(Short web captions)
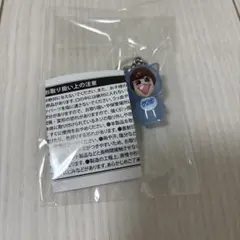 なにわ男子 めじるしチャーム 藤原丈一郎 - メルカリ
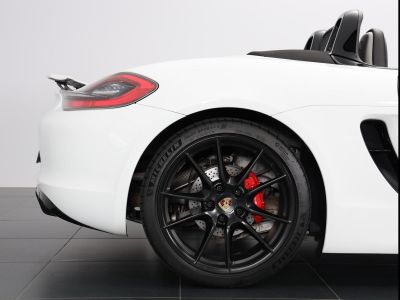 Porsche Boxster GTS - <small></small> 80.900 € <small>TTC</small> - #13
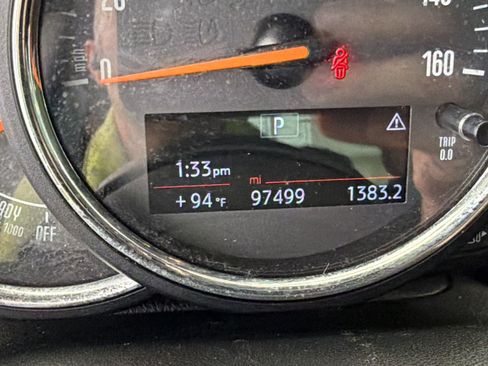 Used 2018 MINI Cooper 2-Door Hardtop FWD image 19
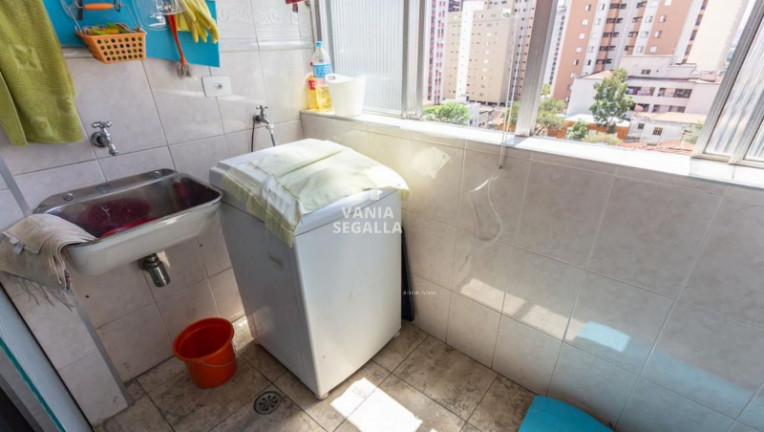 Imagem Apartamento com 2 Quartos à Venda, 84 m² em Perdizes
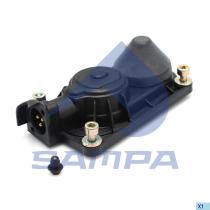 SAMPA 092461A - TAPA, CALIPER FRENO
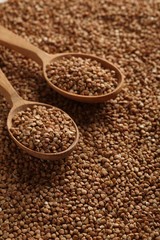 Buckwheat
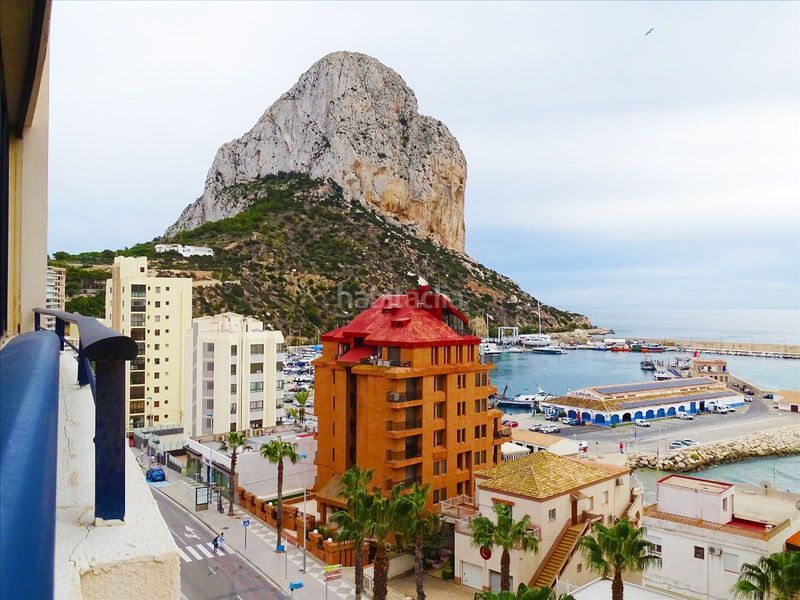 Foto 16013e2d-fe94-45c0-83a0-f7899dca0d43. Apartament amb piscina a Puerto Calp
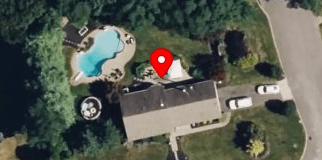 House image located at Stony Brook, NY 11790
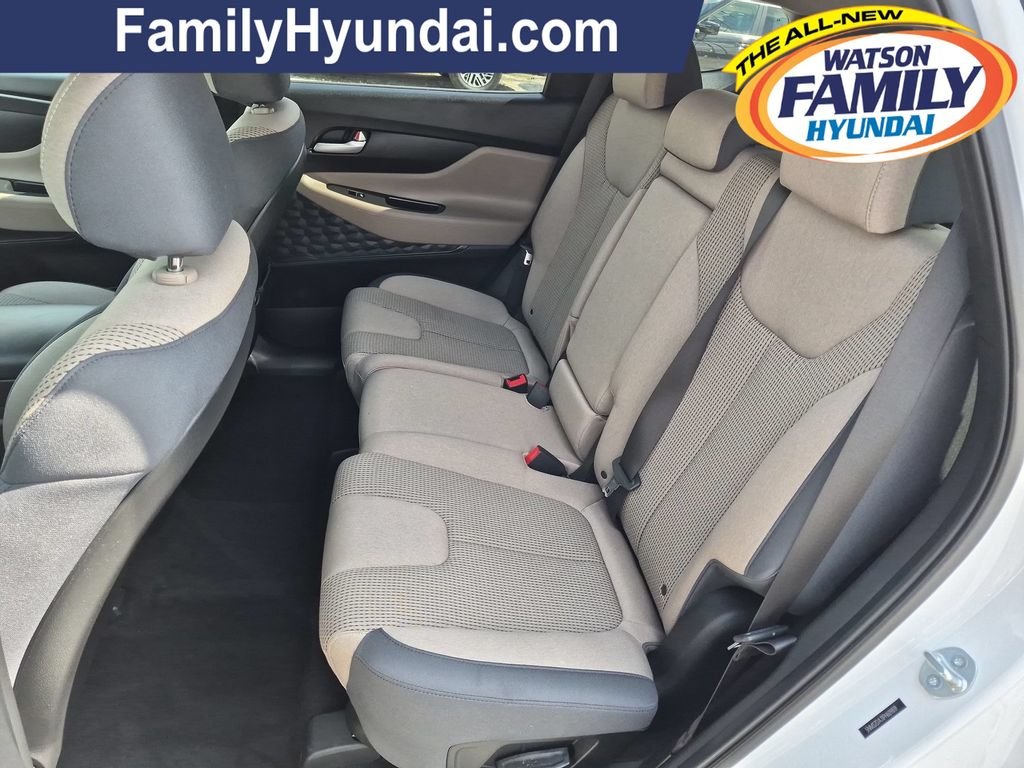2023 Hyundai Santa Fe SEL - Photo 25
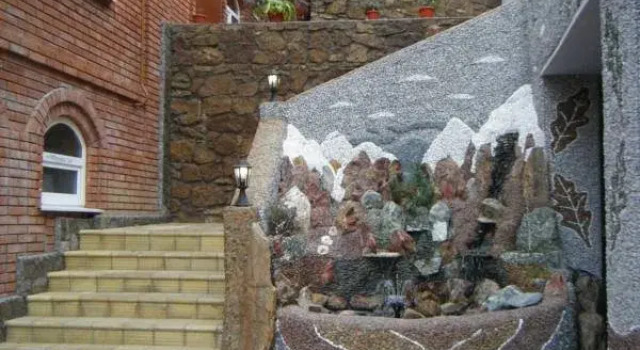 Гостевой дом Каскад, Забронировать Гостевой дом Кисловодск Кавминводы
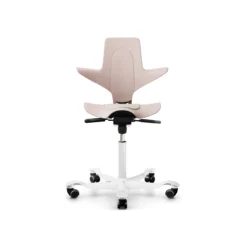 Express Delivery HAG Capisco Puls 8010 Chair Pink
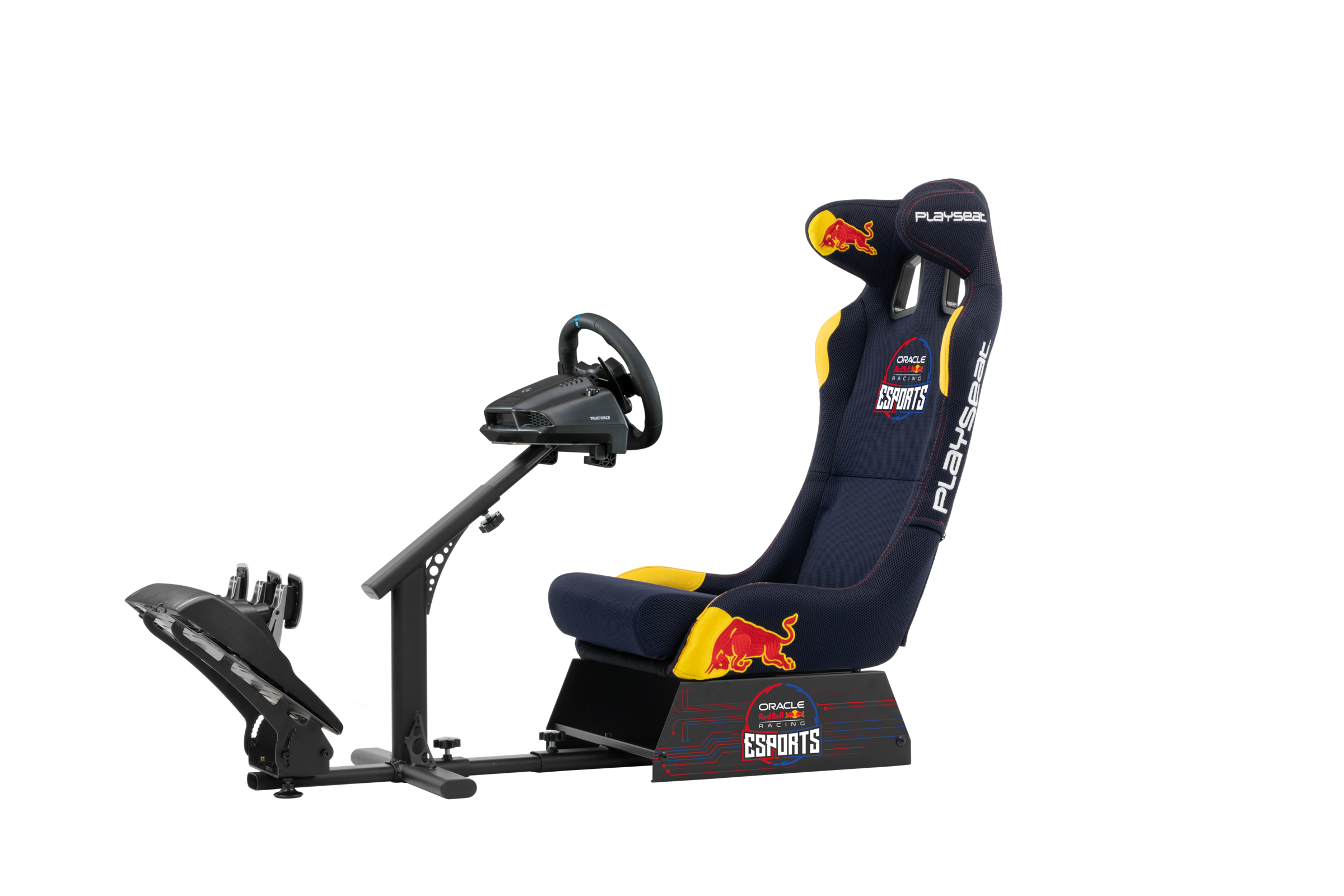 Playseat Gaming-Stuhl »Evolution PRO - Red Bull Racing eSports Edition«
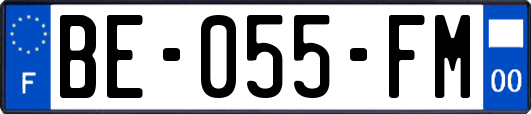 BE-055-FM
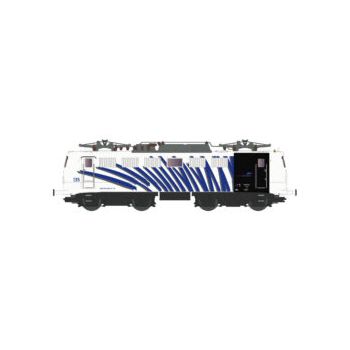 HobbyTrain - E-LOK BR 139 LOKOMOTION EP.VI, SOUND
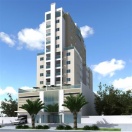 Residencial Reggio Calabria - 100% Vendido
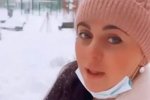 Ольга Рапунцель: Главное - больше пить воды!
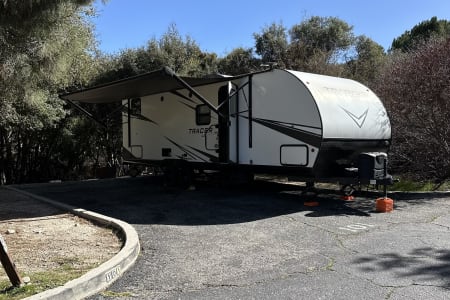 Apple valleyRV rentals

§ Exercise objective:
The response should be the lines from the one containing "Ольга Рапунцель: Главное - больше пить воды!" through the final line of the records, reproduced exactly and with every picture left out.

§ Task output:
 Ольга Рапунцель: Главное - больше пить воды!
 Apple valleyRV rentals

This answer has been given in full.